I placed the source initial position at the far left (-50) and the observer at the far right (50). I set the speed of the source at M=0.9 (it won't let you set .05 increments).

The pulses are generated at a uniform frequency -- you're supposed to observe the doppler effect, the fact that the pulses are bunched up in front and spread out behind. This results in the frequency shift you hear in a passing race car.

However, the other effect is that at the moment pictured (where the first sound wave is just about to reach the observer), you're actually listening to a sound that was generated 100 m away. The intensity of a sound drops off with the inverse square of the distance, so doubling the distance you cut the intensity by 4.
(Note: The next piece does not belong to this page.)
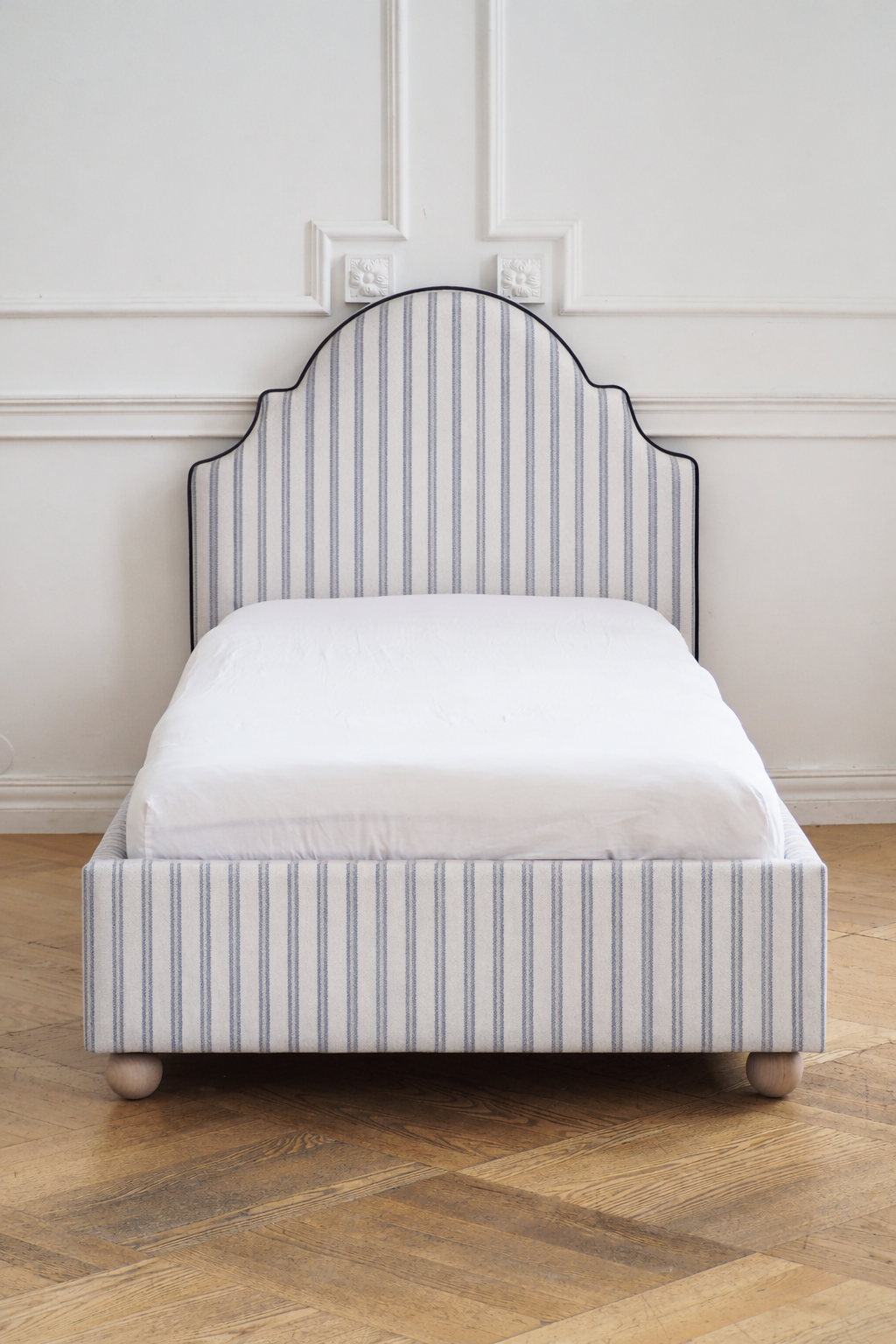 Łóżko tapicerowane Emma - tkanina w paski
Your eyes trick you -- you're seeing the aircraft very close, but you're actually listening to the sound made when it was far away.

In our case, the sound was produced 10x as far away as what we are seeing. Which means that the sound intensity will be 1/100th as intense as we would expect for a nearby aircraft.
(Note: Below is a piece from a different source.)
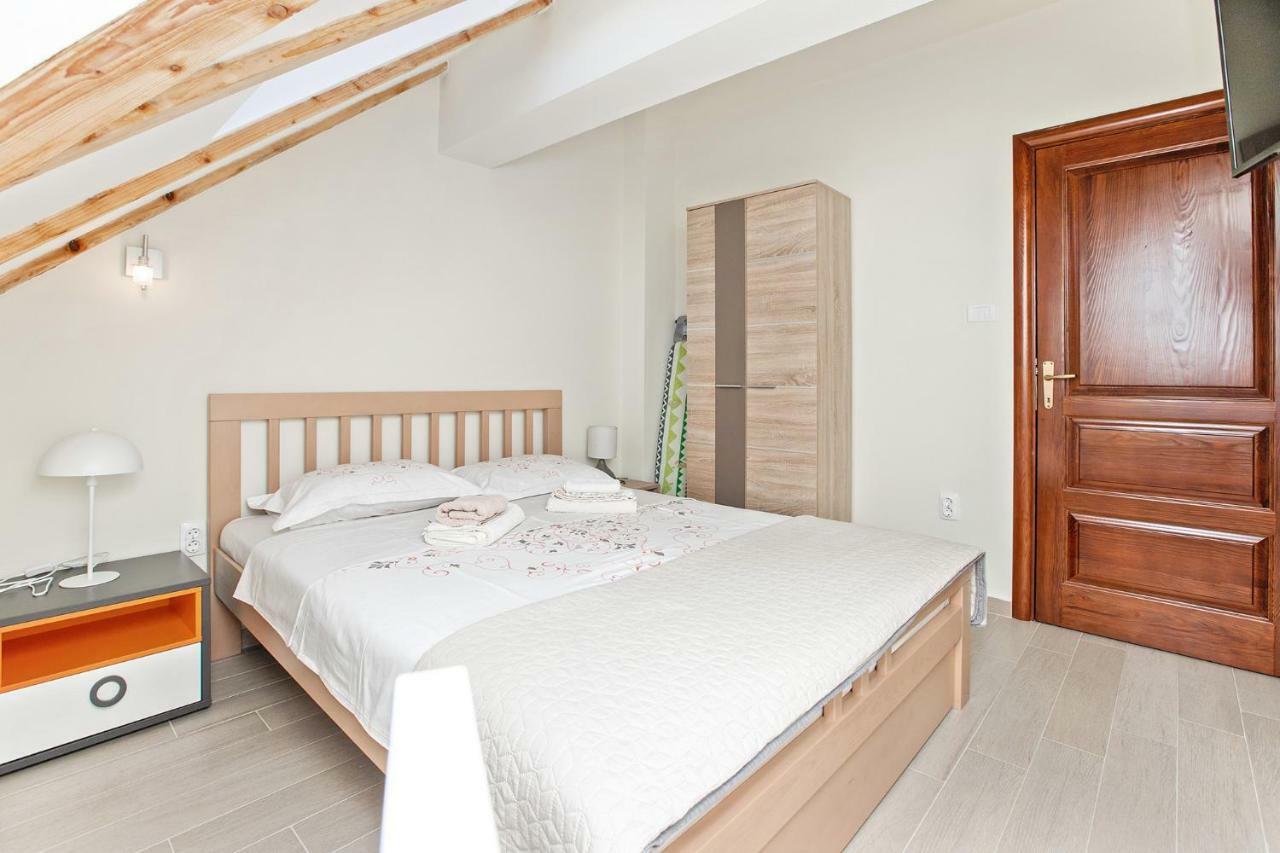 Apartments Isja ティヴァト エクステリア 写真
• I see, thanks. So if the waves that travel forward in front of the object slowly, that means that those waves will slowly ‘reach out’ if that makes sense. If this is the case, why can you only hear a jet after it reaches close to you going just below supersonic? Wouldn’t those waves traveling forward or ‘reaching out’ make it so you could hear the jet earlier? Apr 14 at 22:57
• The waves that are reaching out are the ones in front of the object that slowly progress in the direction of travel of the object, as seen in the simulation you provided. Apr 14 at 22:58
• (The video of the jet passing by I saw was an F/A-18 that was going almost supersonic and you couldn’t hear it until it was almost right beside the camera) Apr 14 at 23:03
• The waves travel at the same speed no matter what. They travel at the speed of sound. Period. Full stop. If we approximate the speed of sound as 1000 ft/s and the aircraft is traveling at M 0.95, then when you hear the sound produced one second ago, you're hearing the sound produced 1000 ft. away. Since that time, the sound traveled 1000 ft, and the airplane traveled 950 ft. So you're seeing an airplane 50 ft. away, but hearing it 1000 ft. away -- which is why it sounds quiet. The airplane is still making noise (when it is 50 ft away), but that sound hasn't reached you yet. Apr 15 at 4:53
• Ah okay, that makes sense. As you said, your eyes definitely trick you. Thanks. Apr 15 at 18:25

Why can't you hear an aircraft traveling at mach .95 until it passes?

You can.

So to summarize, if the aircraft was going Mach 0.95, and the sound waves would slowly travel forward, wouldn't that make it so you could hear the aircraft before it got to you?

Yes, that is correct.

In a video of a F/A-18 I saw, it was traveling at what I assume was ~Mach 0.9 speeds, because you couldn't hear any sound from it until it was really close.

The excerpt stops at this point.